= Diesel rotary uninterruptible power supply =

Type of power supply

Most forms of uninterruptible power supply (UPS) can be powered by either battery or flywheel energy. These are ready for immediate use at the instant that the mains electricity fails, but the relatively small and finite amount of stored energy they contain makes them suitable for short periods of use, typically in the order of a few dozen minutes to a couple of hours depending on the actual load. To get uninterruptible and continuous power supply, a diesel-generator back-up system is needed along with a fuel supply plan that includes on-demand replacement.

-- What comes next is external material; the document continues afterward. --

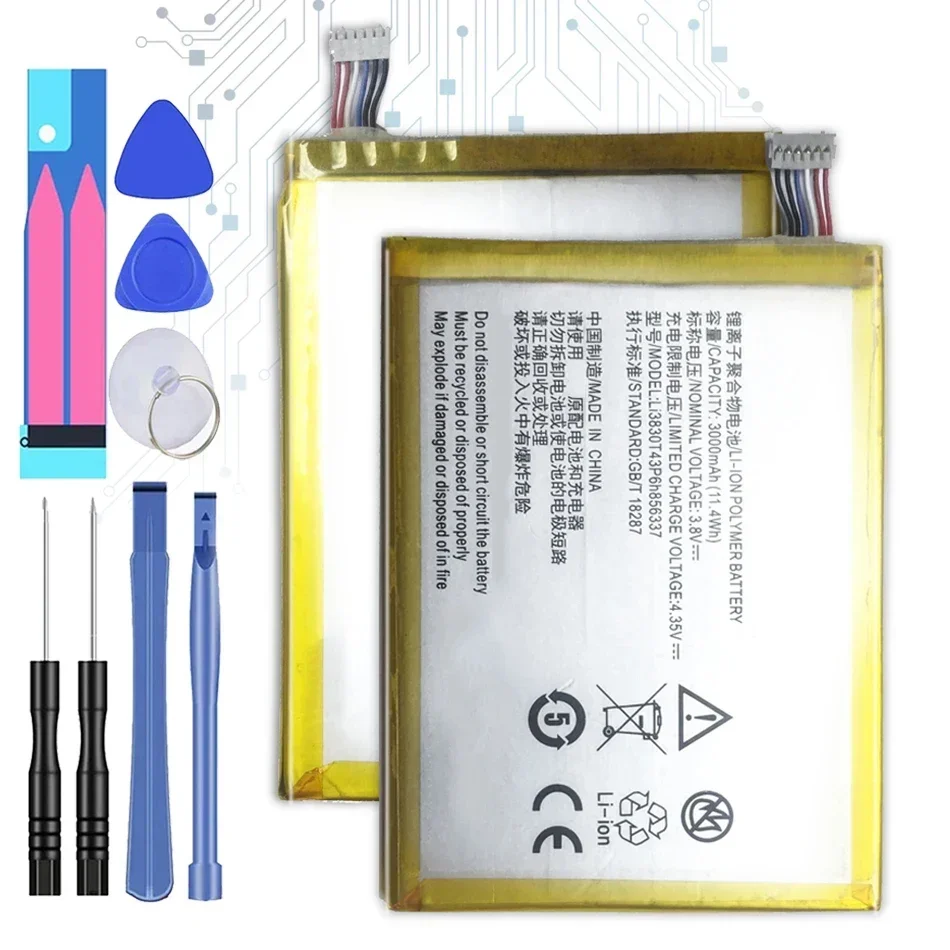 Ли3830т43п6х 856337 Аккумулятор для ZTE Blade X9 G719C N939st Qingyang 3/S6 Lux Q7/-C V5 Pro V5pro N939SC N939SD 3000 мАч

Diesel rotary uninterruptible power supply devices (DRUPS) combine the functionality of a battery- or flywheel-powered UPS and a diesel generator. When mains electricity supply is within specification, an electrical motor/generator with a flywheel functions as a motor to store kinetic energy. When mains electricity supply fails, stored energy in the flywheel is released to drive the motor/generator, which continues to supply power without interruption. At the same time (or with some delay, for example 2 to 11 seconds, to prevent the diesel engine from starting at every incident), the diesel engine takes over from the flywheel to drive the electrical generator to make the electricity required. The electro-magnetic flywheel can continue to support the diesel generator in order to keep a stable output frequency. Typically a DRUPS will have enough fuel to power the load for days or even weeks in the event of failure of the mains electricity supply.

The main advantages of DRUPS equipment compared to a battery-powered UPS combined with a diesel generator are the higher overall system energy efficiency, smaller footprint, use of fewer components, longer technical lifetime (no use of power electronics) and the fact it does not result in chemical waste (no use of batteries).

The main disadvantages of DRUPS equipment are a more frequent maintenance regimen due to the number of moving parts. DRUPS are also typically installed in external buildings due to noise concerns from the generators.

A DRUPS can provide a ride-through time of 15–40 seconds. A flywheel UPS can be installed ahead of typical UPS battery systems to reduce the effects of lightning & switching transients and to increase battery life.